Latest DFID figures indicate that more than a fifth of its aid to Southern Africa goes on HIV programming. A loss of support could put millions of lives at stake if prevention services are jeopardised and new infections increase as a result. South Africa has made real strides when it comes to investing in its national HIV response but there is still a long way to go to ensure universal access to treatment and care for all.
HIV and South Africa
South Africa may have the largest economy in sub-Saharan Africa but it continues to suffer one of the highest levels of inequality in the world. One in six South Africans live in extreme poverty earning less than a dollar a day. This is exacerbated by the fact that the country also has the largest HIV burden globally with more than five million people living with the virus. More than a quarter of a million South Africans died from AIDS-related causes in 2011, an almost unthinkable statistic especially when we have the scientific knowhow and tools to be able to prevent new infections.
Impact of cut?
Withdrawing aid to middle income countries like South Africa altogether risks seeing investment made in the HIV response to date, as well as subsequent gains including broader health outcomes, undermined and worse rendered ineffective. The headway that has been made there in reducing HIV-related maternal mortality among women and the decrease in HIV transmission from parent to child could be lost altogether if international donors like the UK do not continue to invest in interventions that are known to work and save lives.
According to Shaun Mellors, the Alliance’s Associate Director for Africa and himself South African: “In the last few years South Africa has become home to the world's biggest programme of HIV treatment, and life expectancy has increased five years. Withdrawing aid now would be a mistake. Justine Greening, the International Development Secretary, has talked widely of needing to transform the lives of women and girls in the south and yet this latest announcement is a real blow given that women in their 20s in South Africa are worst affected by HIV with prevalence rates of up to 40%.”
It’s not yet clear what the UK government means by the “new relationship [between the UK and South Africa] is based on sharing skills and knowledge” but we urge them not to punish economic growth by withdrawing aid from South Africa prematurely. Community-based organisations play a crucial role in the national HIV response and in delivery of services but many rely on international support to enable them to play that role.
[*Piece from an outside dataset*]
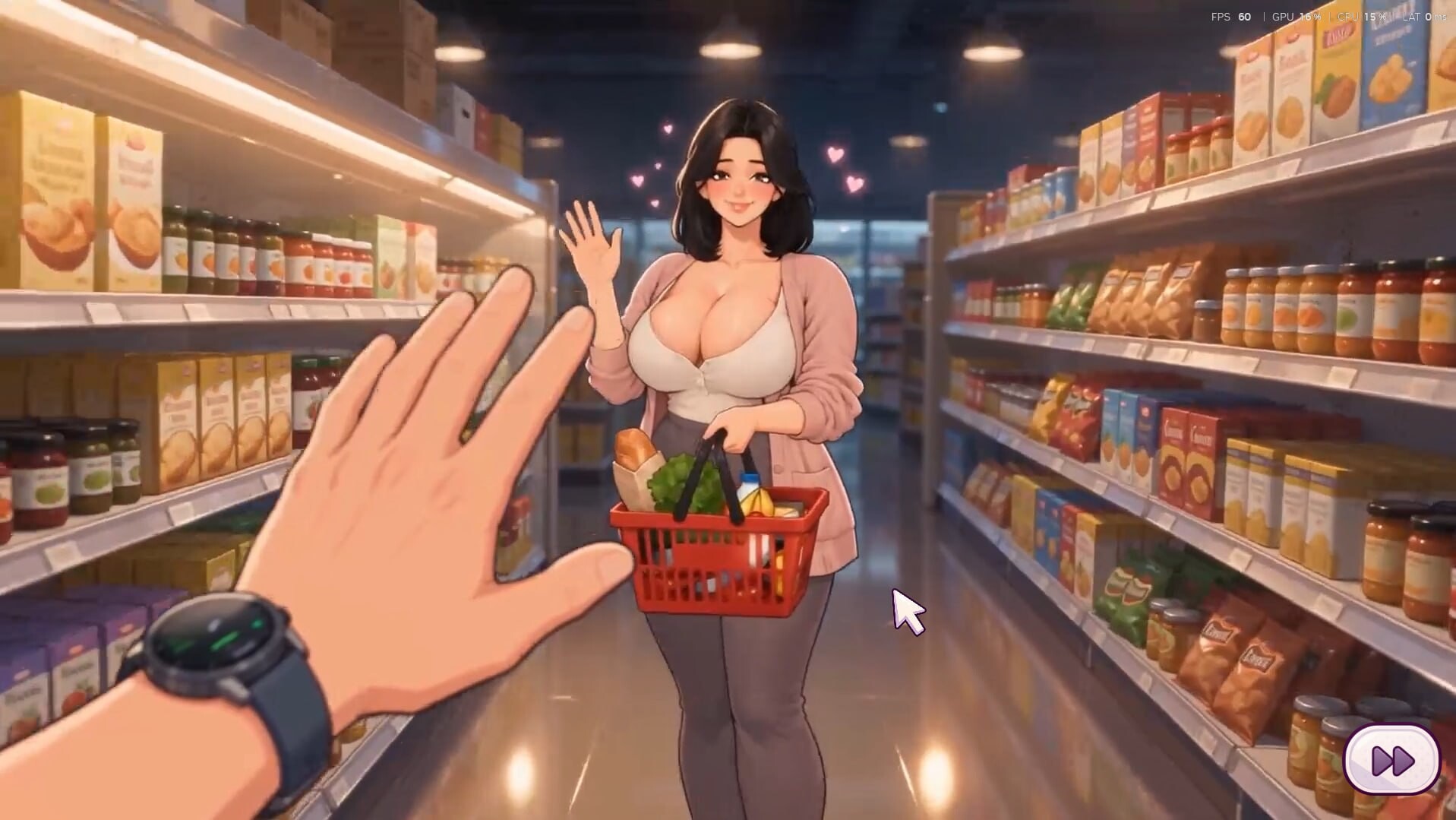 新作[欧美SLG/动态] 熟女放置生活 Milf Idle Life v0.10 官中步兵版 [3.80G]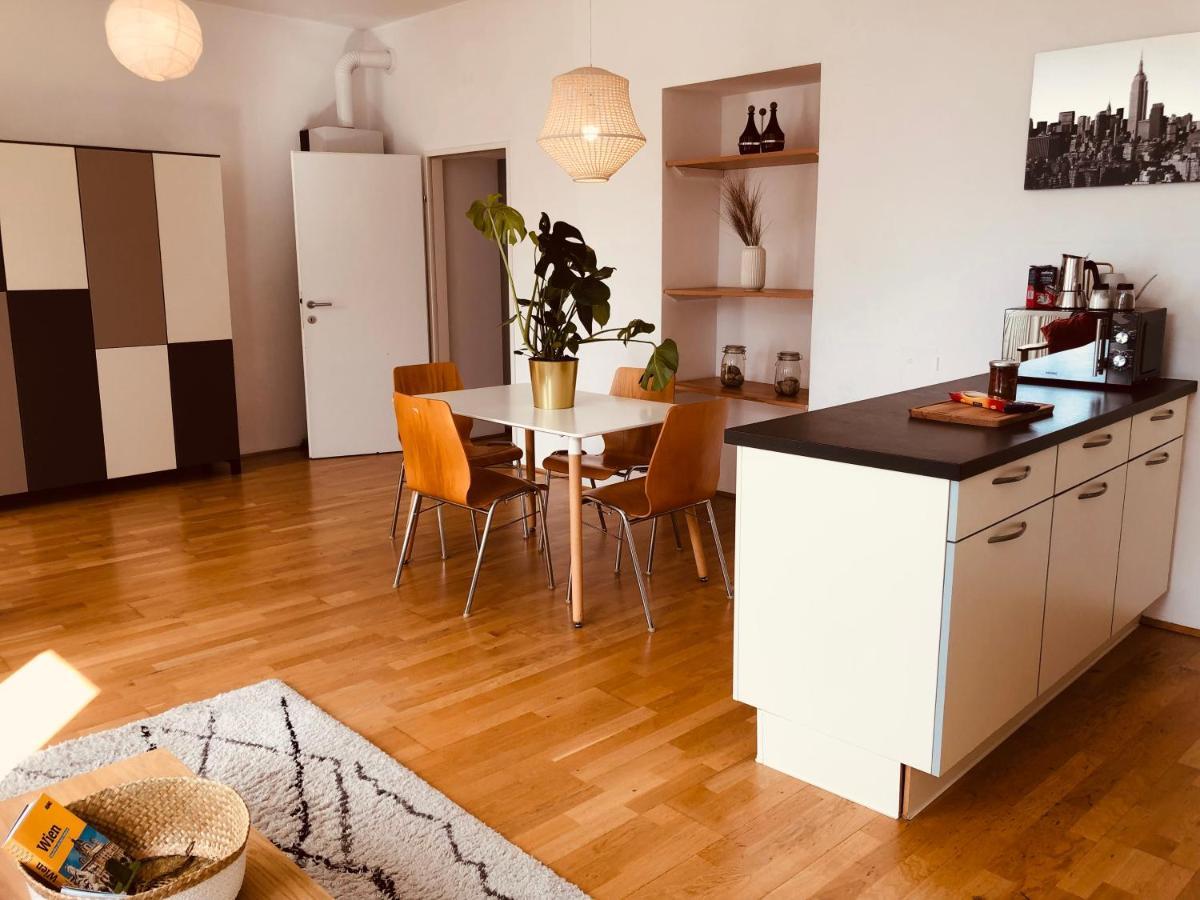 Helle 4 Zimmer Familien-Wohnung Mit Balkon! Schloss Schonbrunn In Gehdistanz Вена Экстерьер фото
Mellors continued: “Aid should not be based on country income alone but rather on addressing the greatest need and targeting the most vulnerable and marginalised. Funding for HIV prevention, treatment, care and support programmes for those groups most at risk of the epidemic – women and girls, sex workers, men who have sex with men, transgender people, people who inject drugs – needs to be scaled up not down if we are to really break the back of the epidemic once and for all.”